---------- EXTRACTED INFORMATION
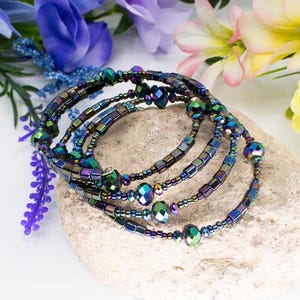 May include: A multi-strand bracelet made of iridescent blue, green, and purple beads. The bracelet is made of small square beads and larger round beads.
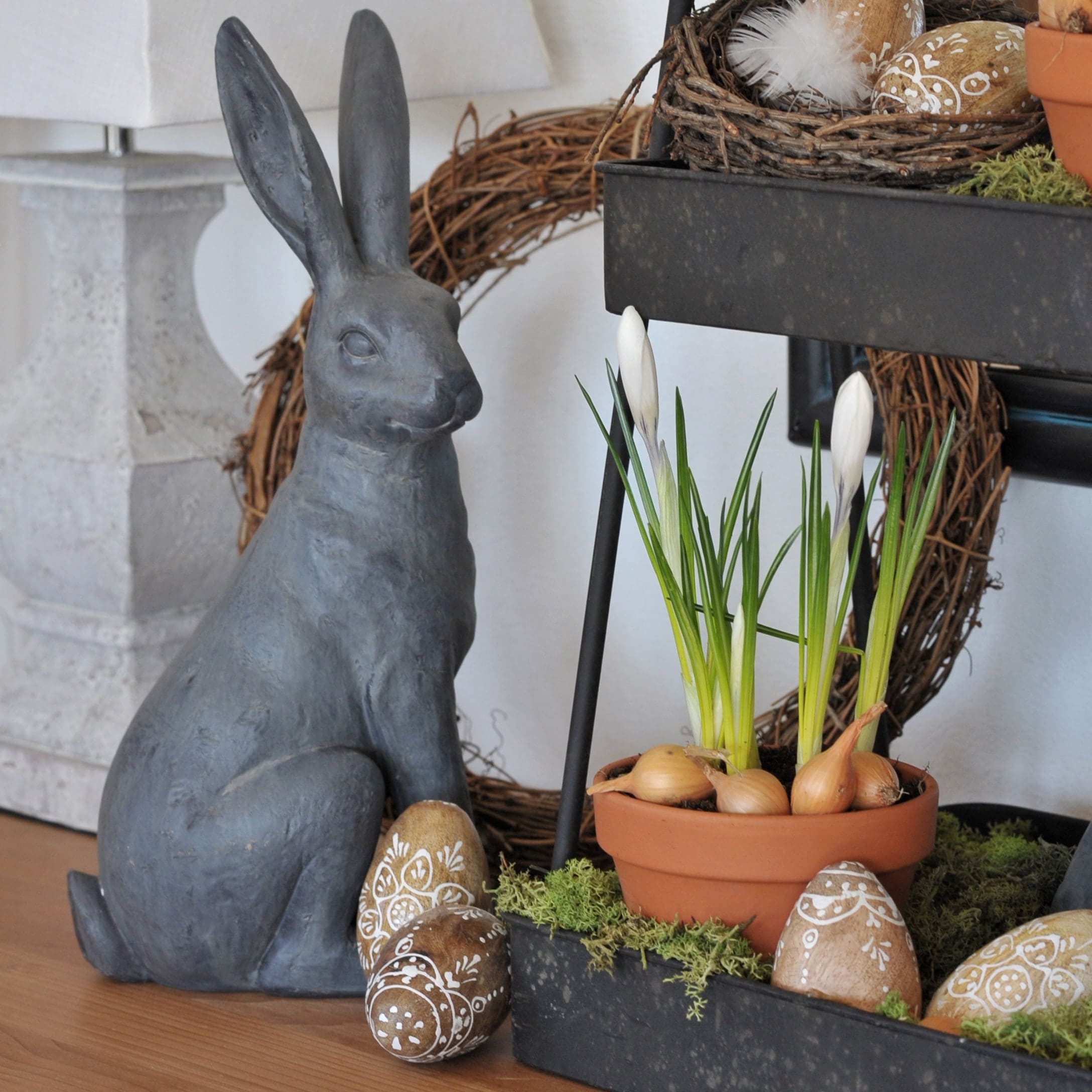 Graue Keramik-Hasenfigur neben Blumentopf mit weissen Blüten und dekorativen Ostereiern für Frühlingsdekoration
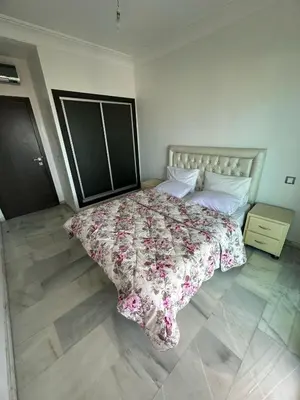 a bedroom with a bed with a floral comforter at La siesta beach resort Mohammedia vue mer panoramique in Mohammedia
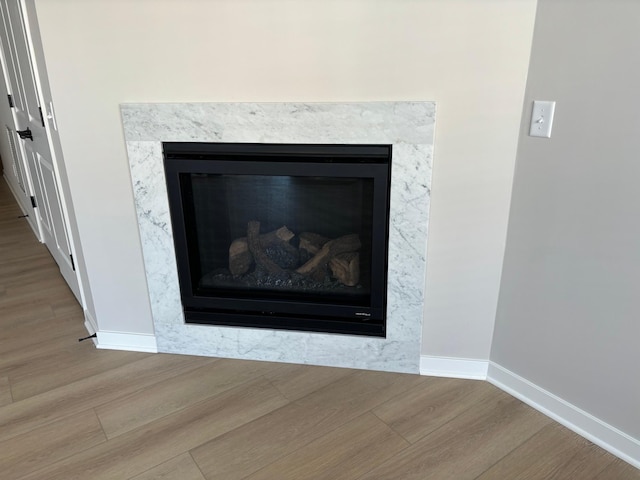 interior details featuring a fireplace, baseboards, and wood finished floors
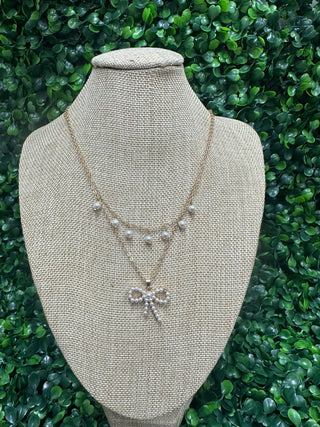 GOLD LAYERED PEARL BOW PENDANT NECKLACE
--------------------
§ WORK INSTRUCTION
Every word of the data should be reproduced exactly; please omit any pictures.

§ EXERCISE OUTPUT
 May include: A multi-strand bracelet made of iridescent blue, green, and purple beads. The bracelet is made of small square beads and larger round beads.
 Graue Keramik-Hasenfigur neben Blumentopf mit weissen Blüten und dekorativen Ostereiern für Frühlingsdekoration
 a bedroom with a bed with a floral comforter at La siesta beach resort Mohammedia vue mer panoramique in Mohammedia
 interior details featuring a fireplace, baseboards, and wood finished floors
 GOLD LAYERED PEARL BOW PENDANT NECKLACE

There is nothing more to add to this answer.